I call this "AI Junk Food": high consumption, productive-feeling, but mostly empty calories. Ask AI to do things you could do yourself in 2 minutes. Copy-paste answers without reading. Regenerate instead of thinking.

Knowing how to use AI doesn't mean using as much AI as possible. Like knowing how to use Google doesn't mean Googling everything.

Questions Developers Should Start Asking

As AI becomes a daily tool, developers need to develop something new: cost intuition.

Is this task worth using AI for?

Writing boilerplate CRUD? Yes. Generating test cases? Yes. Having AI explain a 1,000-line legacy file you urgently need to understand? Yes.

But debugging a typo? Looking at it yourself is faster. Formatting code? Prettier handles it. Asking AI something you already know the answer to? Waste.

Does this context actually need to be here?

Many developers habit-paste their entire codebase into context "just to be safe." But AI doesn't need to read the whole project to answer a question about one function. Trim context = fewer tokens = lower cost = faster response.

What tool fits this task?

Claude Opus for architectural discussions, complex analysis. Haiku for quick lookups, simple boilerplate. Using Opus for everything is like driving a truck to the grocery store.

The Future: AI as Utility, Not Magic

I'm convinced of one thing: AI will become a utility like electricity, water, and internet.

Meaning: it has a price. It has a bill. There are tiers. Costs vary with usage. Sometimes services get cut when bills go unpaid.

And just like electricity: you don't turn off the lights to save money and sit in the dark — you learn to use electricity efficiently. LED bulbs instead of incandescent. Turning off things you don't need.

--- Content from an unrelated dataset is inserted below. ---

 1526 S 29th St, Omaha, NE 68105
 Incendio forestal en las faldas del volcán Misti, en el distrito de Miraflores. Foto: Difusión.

The next generation of developers will need to know:

-Estimate token cost of workflows they design
-Know when to cache responses, when to re-call
-Know which prompts are expensive, which are efficient
-Know when to use AI, when to use conventional tools

Not to become AI accountants — but because people who understand cost make better decisions.

The Ending

After the Google Chat thread about tokens, our team did a few things:

Deleted .claude/commands/ — 20 files, 1,794 duplicate lines being loaded into every session.

Optimized CLAUDE.md — removed heavy @import statements that weren't necessary.

Result: ~30–40% reduction in tokens per session.

Not because anyone demanded it. But because once you understand what's happening, you naturally want to do it right.

That's the lesson I want to pass on: AI will be part of everyday life — but like every powerful tool, it demands you understand the mechanics underneath, not just stare at the output.

Tokens aren't just numbers. Tokens are money. Money is a resource. Resources need to be used with intention.

Being good at using AI = doing more with less, not using more and hoping for more.